John Ensign isn't causing problems for Republican leadership. It's Republican leaders who are causing problems for John Ensign.
Earlier this week, Republican leaders such as House Speaker Dennis Hastert Sen. Strom Thurmond made a big deal of the bill that would send nuclear waste to Nevada.
Apparently, it was a Broadway-worthy song and dance intended to show major campaign contributors from the nuclear industry that Republicans are doing everything they can for their money.
Of course, it's all a sham because President Clinton already promised to veto the bill. It's to the credit of fellow Democrats Richard Bryan and Harry Reid, Nevada's senators, that they can get the bill tossed out year after year, and maintain a veto-proof margin.
Becoming the nation's dumping ground doesn't play well in Nevada. And Ensign, as the Republican who would like to replace Bryan in the Senate, gets backed into a corner when his party trumpets its Screw Nevada theme in Washington.
Naturally, Ensign says the right things. And his campaign spokesman, Mike Slanker, sounded downright annoyed by the antics this week.
"He has been forced to fight his party and members of his own party over the last six years on this," Slanker said. "This is not going to stop his ability to fight them."

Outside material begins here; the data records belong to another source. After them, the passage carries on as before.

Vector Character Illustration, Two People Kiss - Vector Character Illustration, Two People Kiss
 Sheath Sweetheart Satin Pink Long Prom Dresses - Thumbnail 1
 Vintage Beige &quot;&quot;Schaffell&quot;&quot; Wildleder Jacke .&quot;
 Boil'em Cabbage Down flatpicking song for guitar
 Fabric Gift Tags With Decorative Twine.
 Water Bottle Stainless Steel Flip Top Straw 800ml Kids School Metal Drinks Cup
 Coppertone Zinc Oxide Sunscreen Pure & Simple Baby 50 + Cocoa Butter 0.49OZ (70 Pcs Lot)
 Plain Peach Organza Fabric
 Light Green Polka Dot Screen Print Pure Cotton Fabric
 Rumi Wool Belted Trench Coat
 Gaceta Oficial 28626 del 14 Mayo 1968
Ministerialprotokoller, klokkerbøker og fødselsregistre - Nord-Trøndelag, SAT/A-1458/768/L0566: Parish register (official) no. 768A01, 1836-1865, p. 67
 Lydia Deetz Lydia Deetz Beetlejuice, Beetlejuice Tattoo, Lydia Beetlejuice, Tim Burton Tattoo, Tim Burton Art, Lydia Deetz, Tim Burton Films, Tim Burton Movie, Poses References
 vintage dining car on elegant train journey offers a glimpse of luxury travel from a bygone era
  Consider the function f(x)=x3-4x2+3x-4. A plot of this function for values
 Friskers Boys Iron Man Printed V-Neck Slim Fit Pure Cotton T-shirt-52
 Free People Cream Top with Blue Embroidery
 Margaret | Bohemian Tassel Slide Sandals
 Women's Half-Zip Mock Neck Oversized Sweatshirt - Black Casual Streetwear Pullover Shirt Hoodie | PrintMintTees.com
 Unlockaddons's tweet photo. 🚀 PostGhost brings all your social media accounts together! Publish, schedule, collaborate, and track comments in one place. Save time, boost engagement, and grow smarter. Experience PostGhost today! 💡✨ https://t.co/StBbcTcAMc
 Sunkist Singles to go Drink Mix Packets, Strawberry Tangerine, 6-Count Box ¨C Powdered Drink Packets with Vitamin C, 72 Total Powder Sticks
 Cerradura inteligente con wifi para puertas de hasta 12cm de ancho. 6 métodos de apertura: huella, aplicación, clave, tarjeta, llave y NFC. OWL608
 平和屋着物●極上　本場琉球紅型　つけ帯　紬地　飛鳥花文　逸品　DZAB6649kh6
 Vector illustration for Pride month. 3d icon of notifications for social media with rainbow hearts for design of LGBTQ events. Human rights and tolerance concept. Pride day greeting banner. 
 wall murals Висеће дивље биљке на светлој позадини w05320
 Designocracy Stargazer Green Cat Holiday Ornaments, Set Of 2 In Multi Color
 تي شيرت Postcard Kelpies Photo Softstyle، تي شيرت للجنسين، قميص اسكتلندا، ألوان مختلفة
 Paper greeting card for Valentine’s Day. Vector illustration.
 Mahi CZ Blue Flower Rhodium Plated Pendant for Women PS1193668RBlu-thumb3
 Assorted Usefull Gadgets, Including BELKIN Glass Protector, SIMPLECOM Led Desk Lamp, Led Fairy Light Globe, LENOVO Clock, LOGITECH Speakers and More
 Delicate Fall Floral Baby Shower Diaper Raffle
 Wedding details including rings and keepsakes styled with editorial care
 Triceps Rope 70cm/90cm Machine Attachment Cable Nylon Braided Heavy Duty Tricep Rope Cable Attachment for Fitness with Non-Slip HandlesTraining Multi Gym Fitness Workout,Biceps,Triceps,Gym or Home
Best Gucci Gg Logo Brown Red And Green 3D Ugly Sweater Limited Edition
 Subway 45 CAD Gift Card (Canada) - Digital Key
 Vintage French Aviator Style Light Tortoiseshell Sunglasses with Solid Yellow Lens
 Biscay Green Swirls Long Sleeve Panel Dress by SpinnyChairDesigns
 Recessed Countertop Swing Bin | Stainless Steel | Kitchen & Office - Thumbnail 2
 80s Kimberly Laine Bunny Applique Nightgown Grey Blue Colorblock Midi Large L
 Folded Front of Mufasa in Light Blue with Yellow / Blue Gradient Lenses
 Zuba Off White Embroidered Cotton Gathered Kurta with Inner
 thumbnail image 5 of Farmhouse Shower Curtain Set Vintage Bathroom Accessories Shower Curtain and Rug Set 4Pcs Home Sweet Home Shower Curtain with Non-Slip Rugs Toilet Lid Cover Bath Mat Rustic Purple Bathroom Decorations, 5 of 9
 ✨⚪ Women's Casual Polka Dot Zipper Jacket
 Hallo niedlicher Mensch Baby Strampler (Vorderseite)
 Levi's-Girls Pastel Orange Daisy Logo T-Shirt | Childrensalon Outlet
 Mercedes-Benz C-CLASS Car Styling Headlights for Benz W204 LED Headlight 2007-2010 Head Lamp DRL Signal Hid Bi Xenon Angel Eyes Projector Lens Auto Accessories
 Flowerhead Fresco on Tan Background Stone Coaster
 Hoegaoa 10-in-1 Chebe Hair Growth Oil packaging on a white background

The situation does make Ensign seem like an independent thinker, something Nevadans like more than anything else in their representatives. He darn well better listen to residents of the state over the bleatings of party bosses.
But why do they create a wedge that Democrat Ed Bernstein, his November opponent, can exploit? Nuclear waste is easily the most identifiable issue in Washington for Nevadans. If push comes to shove, the Democrats say, we can't really trust Ensign.
To us, the only possible answer is that the nuclear industry is so powerful in some states that elected officials there are willing to risk an important Senate seat in Nevada in order to curry favor in their own districts.
Sacrifice Nevada for the good of the rest of the country? That kind of reasoning does have a familiar - if distinctly bitter - taste to it.